Hilary's going to pick up the story from here.
We stopped at the Visitor Center --- I wanted a pamphlet and Mike wanted a bathroom. But this was unlike the many visitor centers we'd encountered in national and state parks, which had been staffed with friendly rangers. This one looked more like an especially ugly bank branch, with a long desk in front and cubicles off to the side. Mike spotted the men's room and headed over, while I stood behind the other people waiting in line.
A man on his way out for a smoke, who wore neither a uniform nor a name tag, asked me what I was doing there. I said we were interested in visiting the museum and Missile Park, and wanted a map or an information pamphlet or something.
"We don't have that here," he sneered. "Isn't this the visitor center?" I asked. "No, this is for security. There's nothing for you here." "Okay," I shrugged.
"Well," he asked, "Are you going to leave?"
We'd been at White Sands for less than 10 minutes, and this was the third guy trying to boss us around. I really hate following orders that seem arbitrary and capricious but was trying to restrain myself. I did temporarily lose control of my hands as one flew to my hip and the other pointed into the air, but I held my voice steady as I informed him my husband was in the men's room and I needed to wait for him. He seemed to accept that and continued out of the building. Later, when Mike and I were safely out of earshot, I told him what had happened. He remarked, "Who would've thought that a military base would be so strict?"
Fortunately, the museum and Missile Park were cool enough to almost make up for our treatment at the hands of Defense Department grunts. Mike took pictures of all the missiles, griping all the way about the bad lighting. The museum had photos of all the scientists who worked on the early atomic bombs, and lots of their old machinery: nuclear testing equipment, safety gear, cameras, and the like.
It also had a little gift shop, and here we finally found not only maps and information pamphlets, but friendly staffers too. We asked the ladies behind the counter to repeat the photography rules, and they sighed deeply. "You can take all the pictures you want. I know they try to tell you otherwise, but it's really okay." We mentioned that a guard said we couldn't take any photos facing east, and she burst out laughing. "If that were true I'd have been locked up a long time ago!" I told them about our experience at the "visitor center," and they were as shocked as I was. "How rude!" they exclaimed.
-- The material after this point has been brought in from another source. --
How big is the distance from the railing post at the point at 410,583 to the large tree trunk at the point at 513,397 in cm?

They cheered us up a great deal, so we headed back over to Missile Park so Mike could take pictures of the other side of all the missiles.
White Sands, of course, is known for more than just munitions testing. It's also a park featuring brilliant white sand dunes made of gypsum.
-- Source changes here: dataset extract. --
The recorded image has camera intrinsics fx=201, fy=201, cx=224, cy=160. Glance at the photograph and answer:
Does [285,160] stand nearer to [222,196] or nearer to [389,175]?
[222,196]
It's pretty rare to find gypsum sands, because the mineral is water soluble and would normally be carried out by rivers and creeks. But because this area is a dry basin, water either evaporates or sinks into the ground.
We walked the Big Dune Trail, just a few miles from the Visitor Center. These dunes actually have a fair amount of plant life, notably the funny-looking soaptree yucca. Any plant that grows on the dunes has to get big fast, or else the wind will bury it under heaps of sand.
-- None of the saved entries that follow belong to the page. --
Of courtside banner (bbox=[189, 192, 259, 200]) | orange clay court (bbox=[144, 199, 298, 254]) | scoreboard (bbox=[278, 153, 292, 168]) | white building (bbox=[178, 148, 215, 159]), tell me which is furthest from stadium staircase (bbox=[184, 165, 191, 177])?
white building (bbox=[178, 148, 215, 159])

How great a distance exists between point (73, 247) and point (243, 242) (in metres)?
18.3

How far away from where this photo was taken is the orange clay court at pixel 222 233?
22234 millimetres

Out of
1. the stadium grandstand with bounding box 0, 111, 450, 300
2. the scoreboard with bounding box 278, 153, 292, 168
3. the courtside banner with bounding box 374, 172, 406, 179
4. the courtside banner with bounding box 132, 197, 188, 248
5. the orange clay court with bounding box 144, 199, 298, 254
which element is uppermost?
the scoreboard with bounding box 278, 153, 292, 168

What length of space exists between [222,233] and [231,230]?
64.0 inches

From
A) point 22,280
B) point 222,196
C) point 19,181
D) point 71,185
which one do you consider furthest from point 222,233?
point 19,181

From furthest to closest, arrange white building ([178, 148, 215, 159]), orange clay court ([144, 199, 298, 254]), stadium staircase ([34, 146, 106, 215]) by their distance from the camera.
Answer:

Next we hit the Interdune Boardwalk. There's a sign at the beginning of the trail noting that the boardwalk was constructed from some kind of recycled plastic, and warning that it harbors great amounts of static electricity. It also tells us not to worry, since studies have shown that static shocks aren't harmful to our health. (Yeah, neither is getting your finger caught in a mousetrap, but you don't see me driving miles into the desert for the privilege.)
After I touched an aluminum railing and got a nasty shock that still hurt 10 minutes later, Mike recommended I touch the rails every eight steps or so to discharge the static in smaller doses. It totally worked! Now that's the information the sign should give.
Mike also had some kind of suggestion involving complimentary one-megaohm resistors. I'm sure the National Park Service will get right on that.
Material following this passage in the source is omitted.